The advanced calculator visualizes this across the full income range with the AFNI clawback curve.

How we tested the math

The math in this article uses the same engine as the calculator above. It runs federal CCB, federal CGEB, the provincial child benefit, federal and provincial tax brackets, the Basic Personal Amount, the spousal credit, and the daycare cost per kid per month.

The one-income case gives the full BPA plus spousal amount to one earner. The two-income case splits the household income 60/40 and taxes each spouse on their own. Neither spouse gets the spousal amount in that case. Daycare is the 2026 CWELCC rate per province times the number of kids under 6.

What we leave out: CPP and EI on the second income (small at the margin), the Child Care Expenses Deduction on Form T778 (helps two-income by $1,500-$2,500 a year), and time costs like commute and sick days. The advanced calculator handles the T778 math.

Frequently asked questions

Is one income enough to raise a family in Canada?

For most Canadian families with kids under 6, a single income of $60,000-$80,000 is enough to net more household cash than a two-income split at the same AFNI, once you add CCB and CGEB and subtract daycare.
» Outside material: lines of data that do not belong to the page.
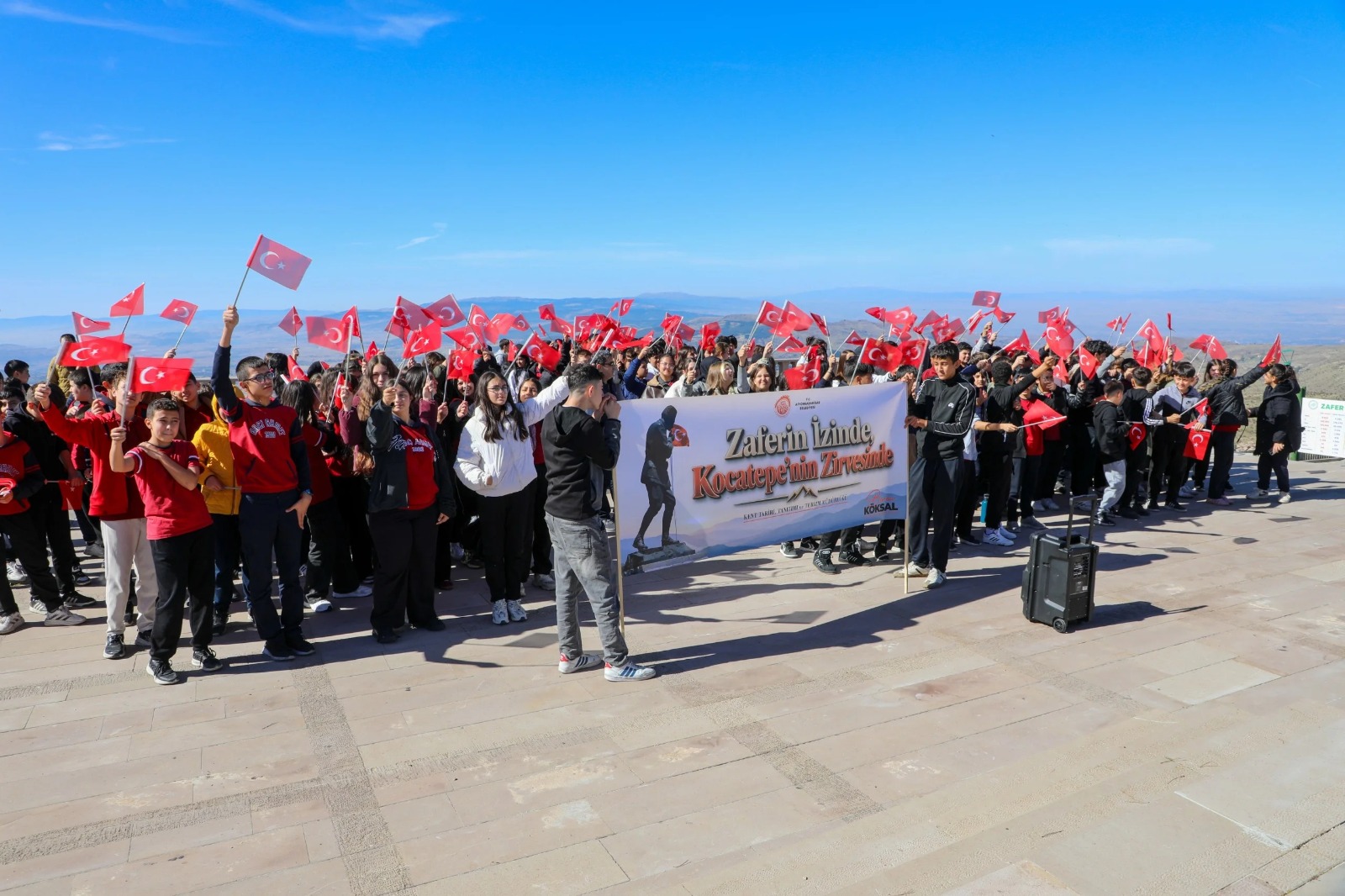Afyonkarahisar Belediyesi’nden öğrencilere Kocatepe’de zafer yolculuğu 2 Afyonkarahisar Belediyesi’nden öğrencilere Kocatepe’de zafer yolculuğu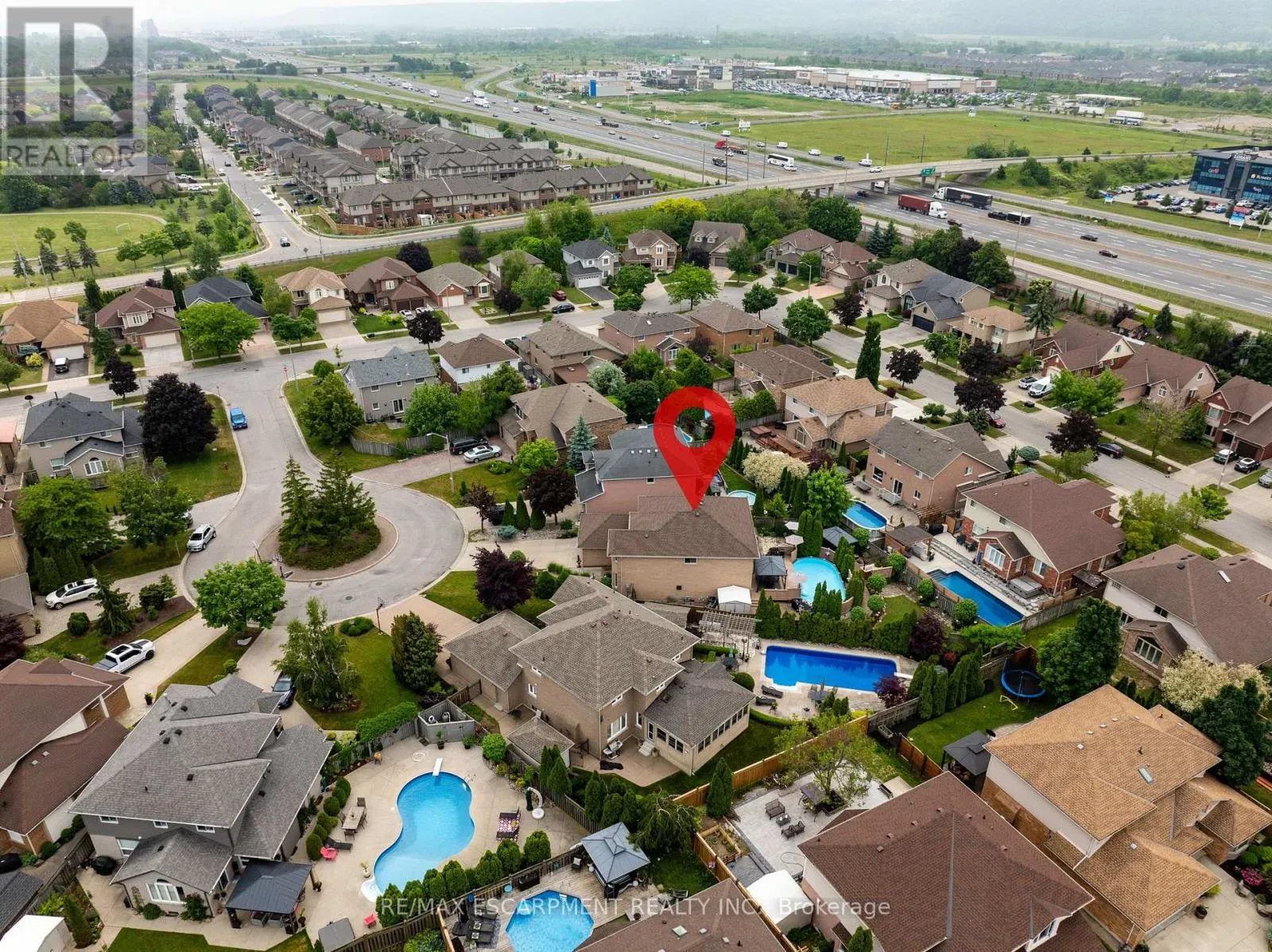 9 SUGARBERRY COURT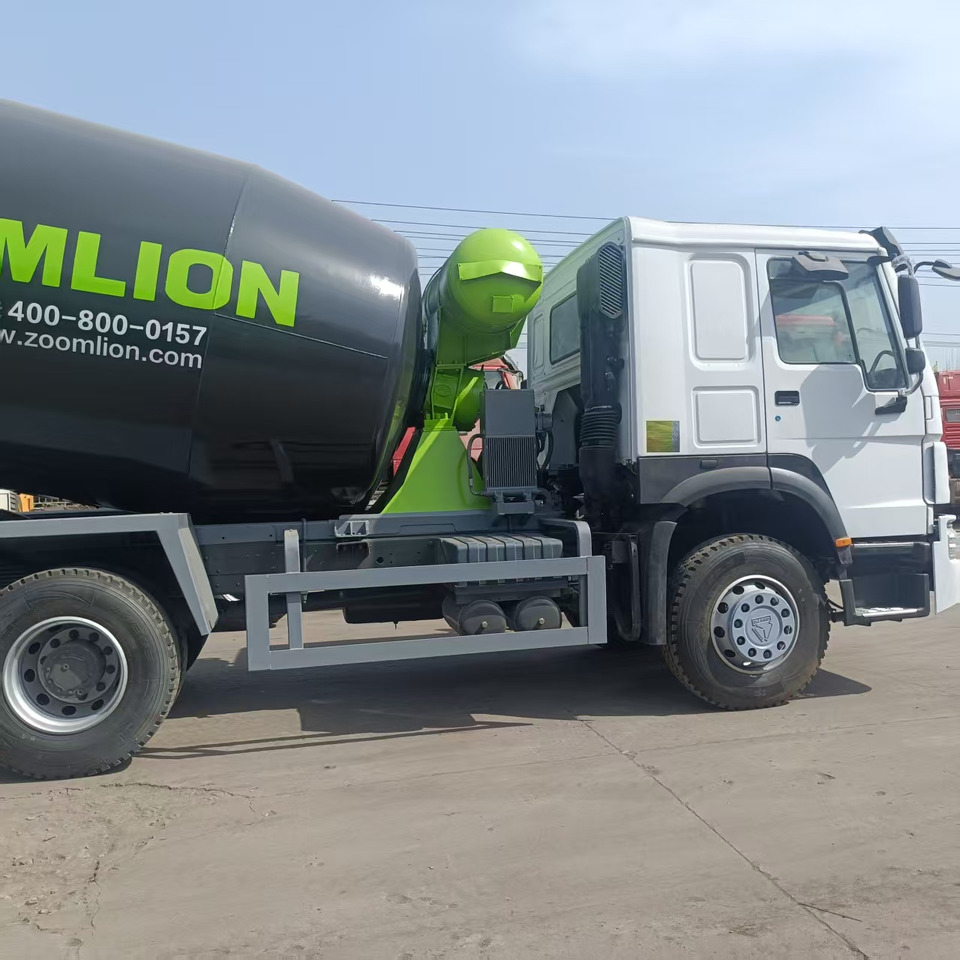 Betonvedējs Sinotruk HOWO 6*4 Concrete mixer truck: foto 8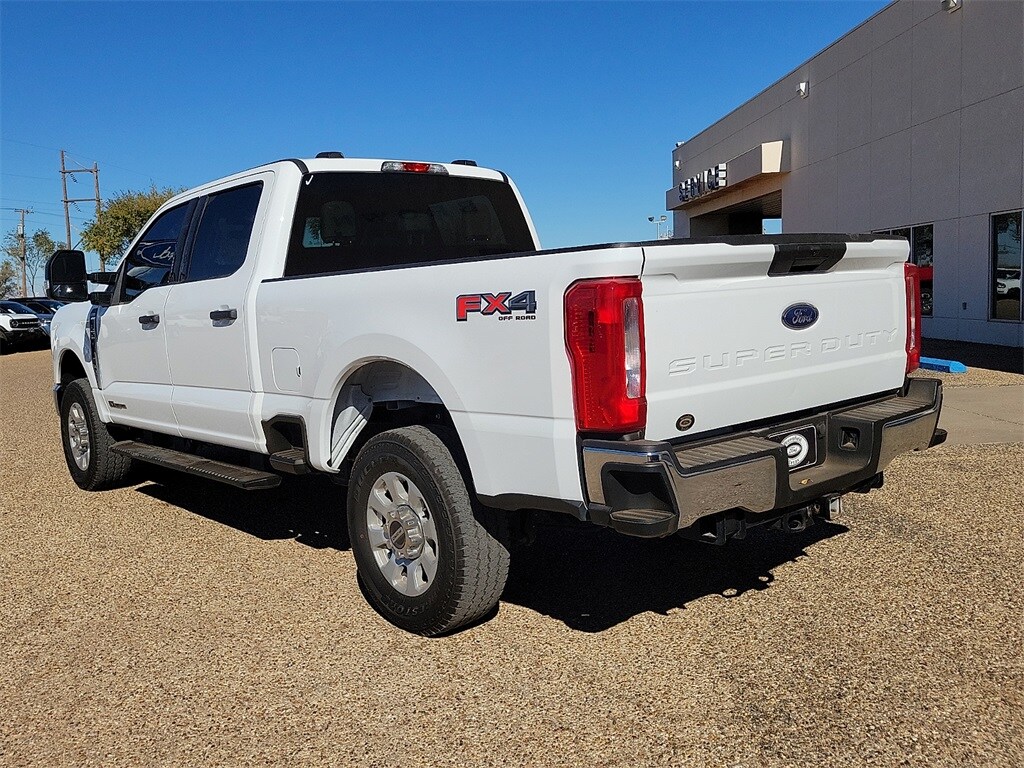 2024 Ford F-250 XLT photo 3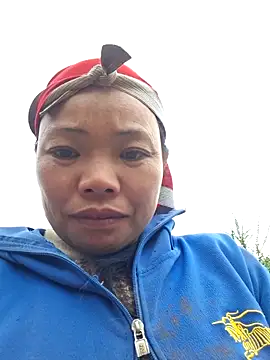 miomio-12 online show from November 20, 2025, 1:28 am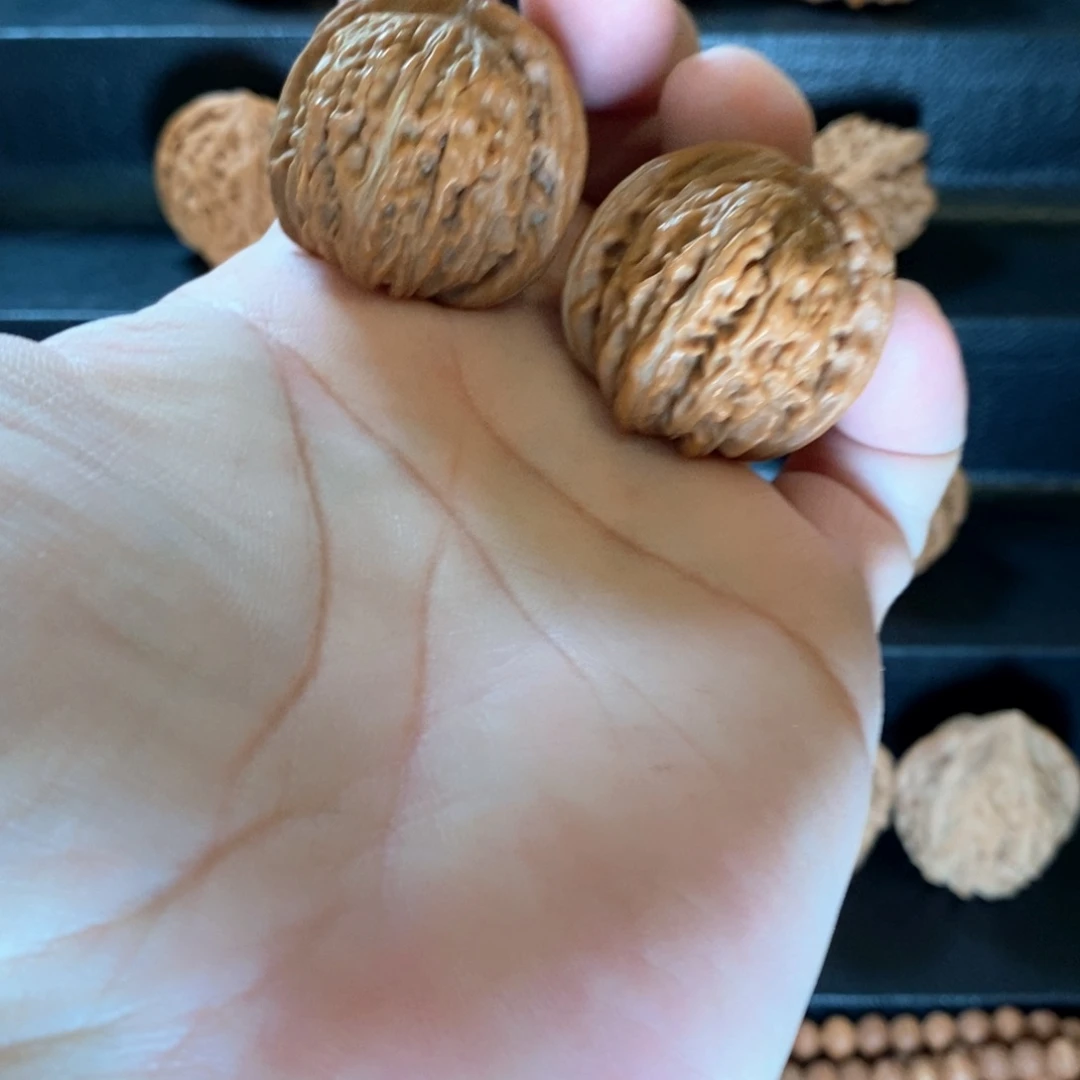 桃核把件汉高楼老陈籽35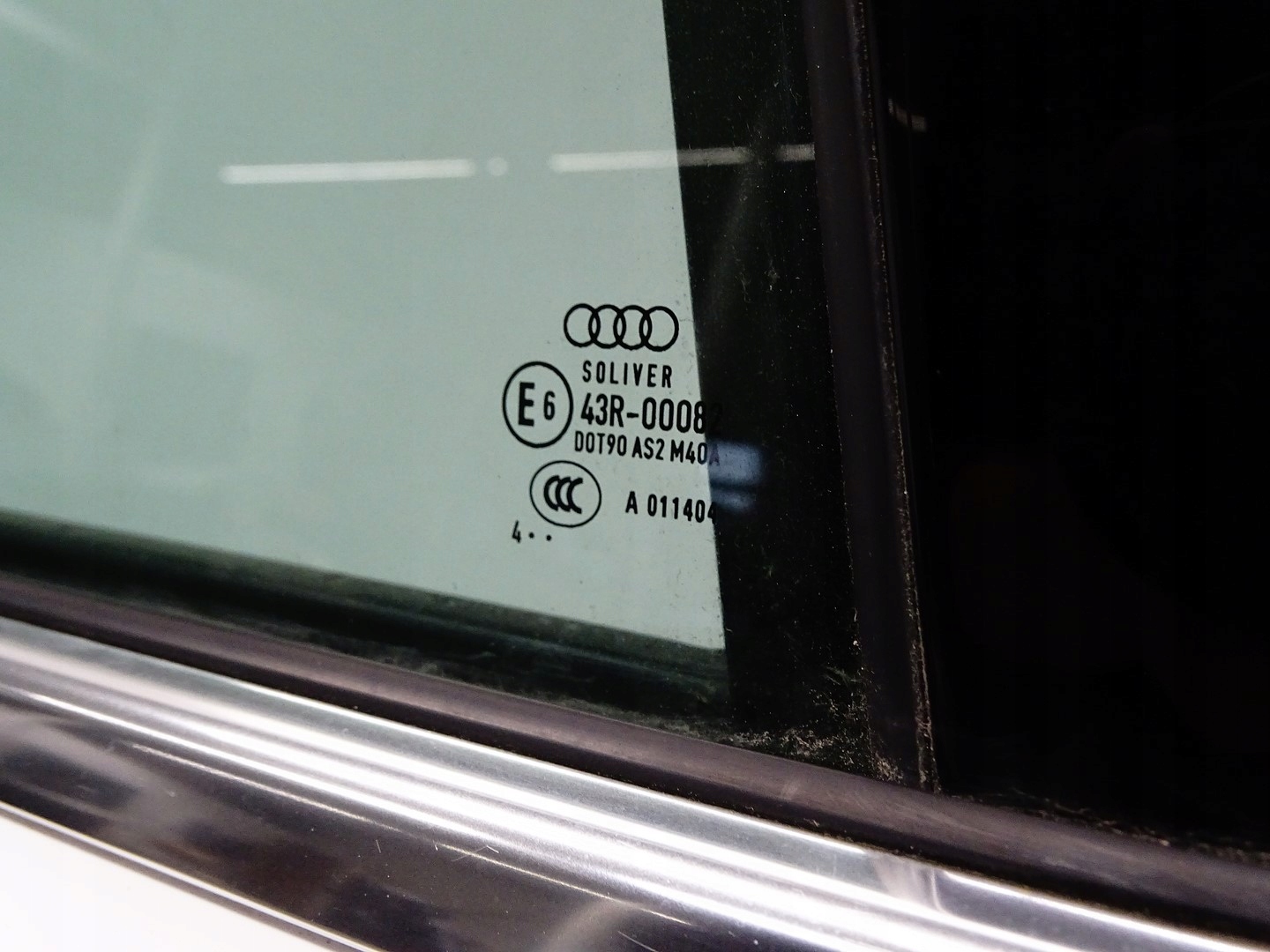 door right rear part right rear. frame window AUDI A6 C7 sedan LY9C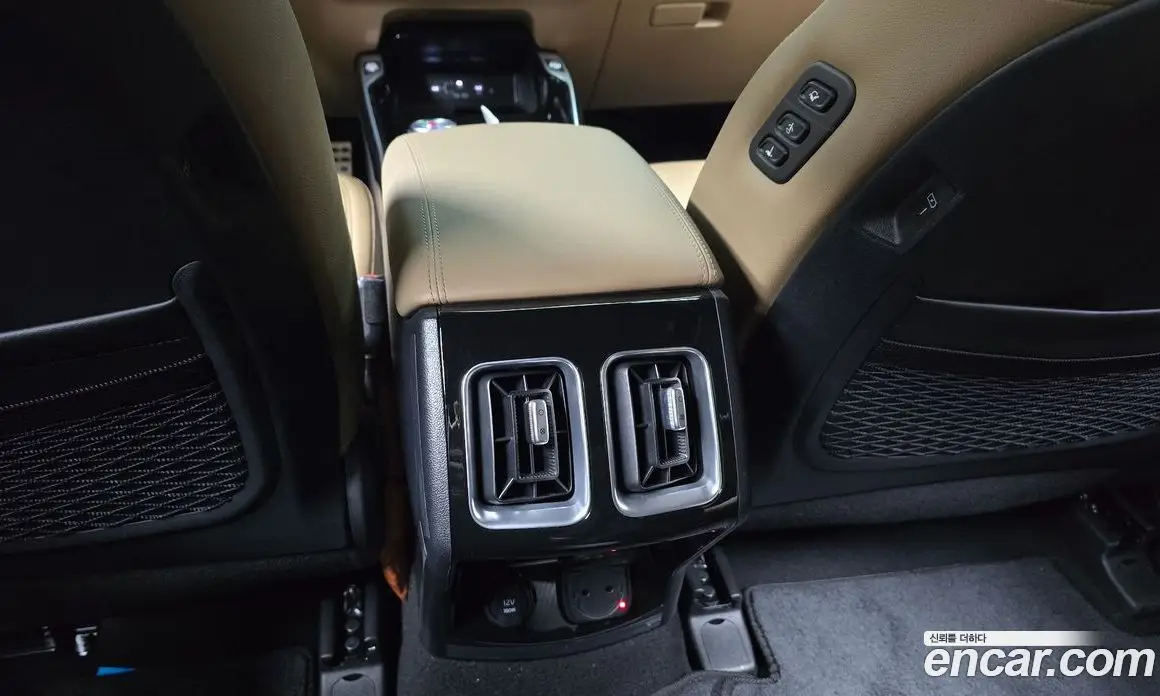 Kia Sorento 2024 1.6 автомат (гидро), фото 36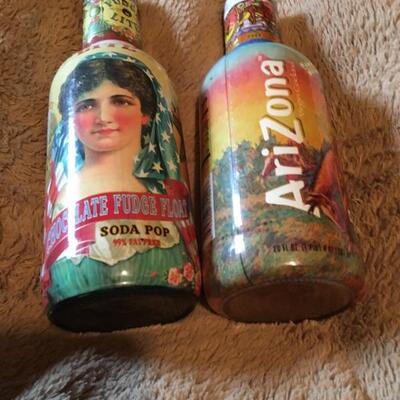 SNAPPLE Clock with Original Limited Arizona Bottles. LOT 52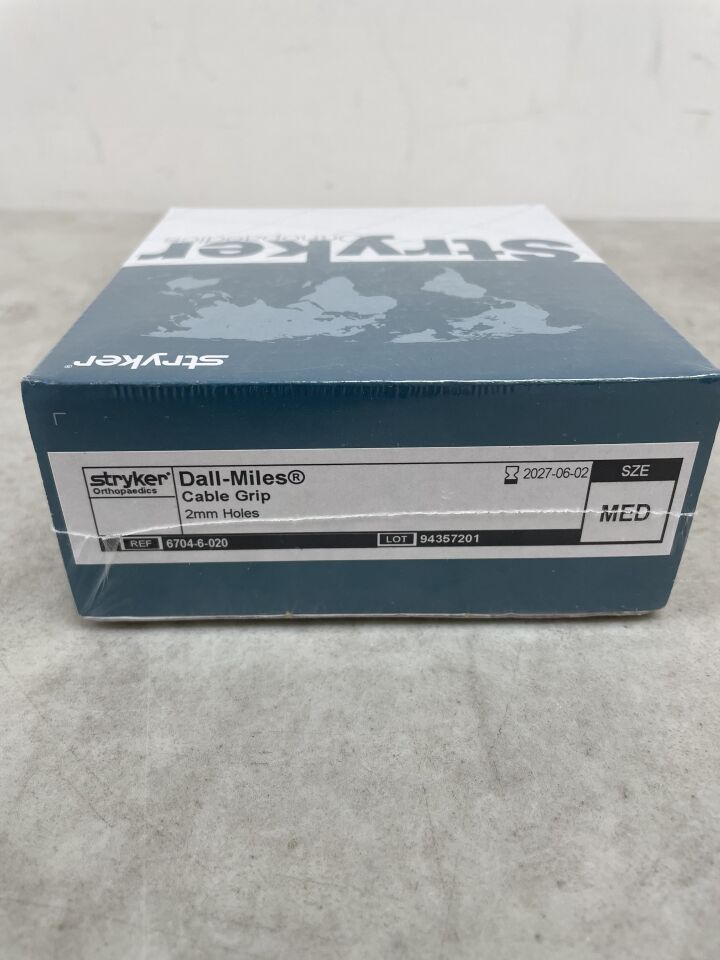 6704-6-020 - STRYKER - Dall-Miles System: Medium Grip, 2.0mm Holes , ( BX/1 ) - ( Expiry Date : 2027-06-02 )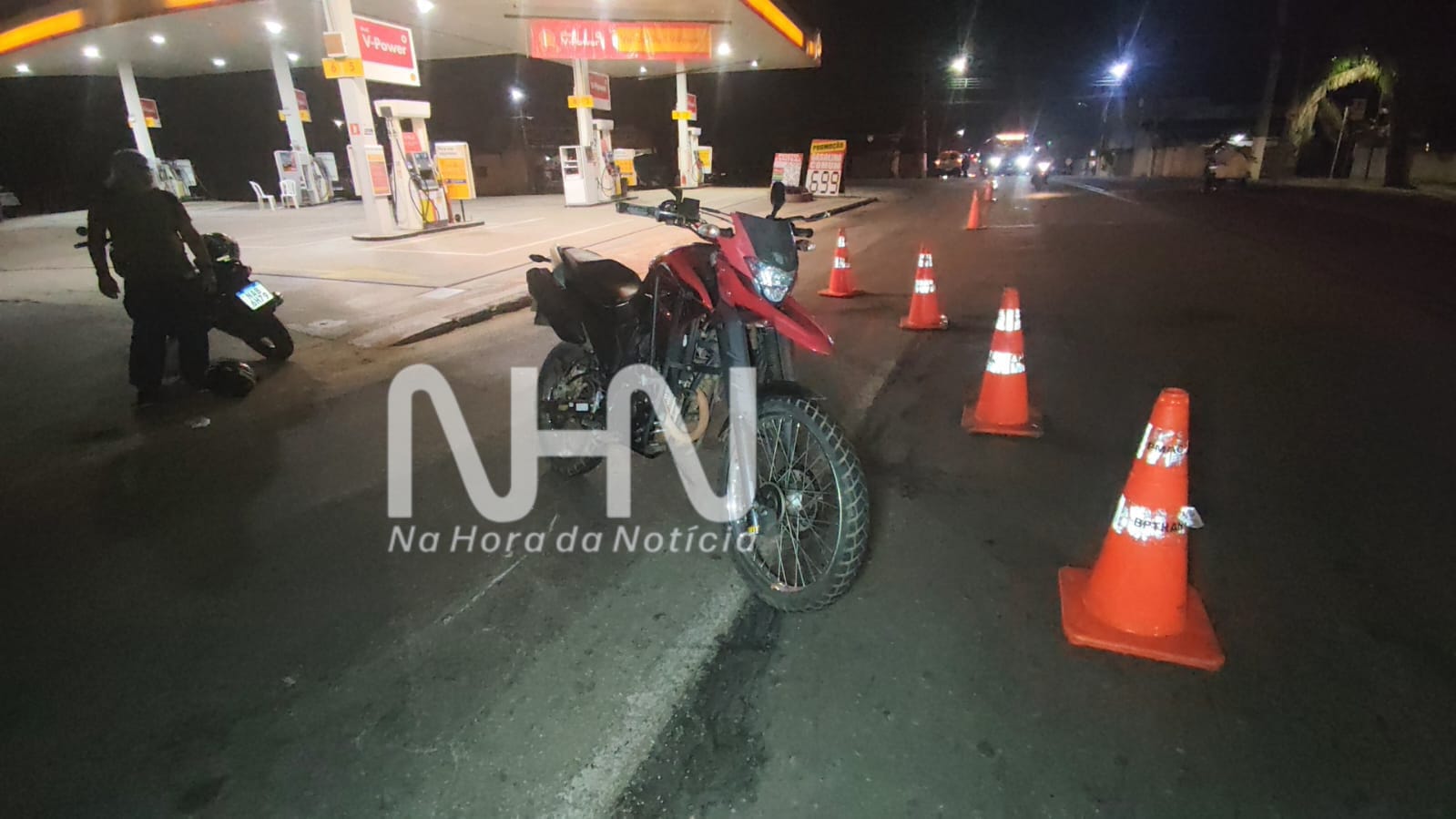 Homem em situação de rua sofre fraturas expostas após ser atropelado por motocicleta no Centro de Rio Branco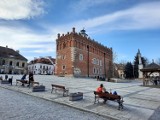 Stare Miasto w Sandomierzu opustoszałe mimo pięknej pogody (ZDJĘCIA)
Above $80,000 single income, the math gets even better, because CCB drop-off is gradual and the spousal credit stays in place.

Do you pay more tax on two incomes than one?

On the strict tax bill alone, two earners usually pay $900-$2,700 less than one earner at the same household total, because each one walks up their own bracket. But the spousal credit lost (about $3,000) and the CCB clawback gained ($6,000-$9,000) more than offset that small tax win in most middle-income cases.

How much does CCB drop when both parents work?

For a family with 2 kids, CCB drops by 13.5 cents per dollar of AFNI above $38,237 (Tier 1) and by 5.7 cents per dollar above $82,847 (Tier 2). A jump from $60,000 to $120,000 in AFNI cuts CCB by roughly $6,500 a year. Plus another $500-$700 in CGEB clawback.

Is it better to stay home or work in Canada?

The math depends on province, primary salary, and ages of the kids. For Canadian families with at least one child under 6 and household income below $130,000, staying home is usually competitive with or beats two-income on bank-statement terms. Above $130,000 or with school-age kids, two-income usually wins.

Can you live on one income in Canada in 2026?

Yes. With current CCB at $8,157/year per under-6 and $6,883/year per 6-to-17, plus provincial supplements, plus CGEB, plus the spousal credit, a family with one earner making $60,000-$80,000 typically nets $70,000-$95,000 of household cash a year. That's the equivalent of a two-income household grossing $110,000-$140,000 after the four hidden costs are subtracted.

Verdict on the one-income vs two-income family math in Canada

The question of one income vs two income family in Canada has been answered badly for a decade because the people writing the answers don't run the four-factor math.

The four factors: combined tax, CCB phase-out, daycare cost, spousal credit. Together they erase 60-80% of a typical second income before it lands in the household budget.

For most Canadian families with kids under 6 and household income under $130,000, the one-income case is closer to the two-income case than parents assume. Often within a few thousand a year. Sometimes single-income wins outright by five figures.

That doesn't mean every family should pick one. It means every family should run the actual numbers before deciding. The calculator on this site does that, with 2026-27 CRA-verified rates. The result usually surprises the people who run it. That surprise is the whole reason the site exists.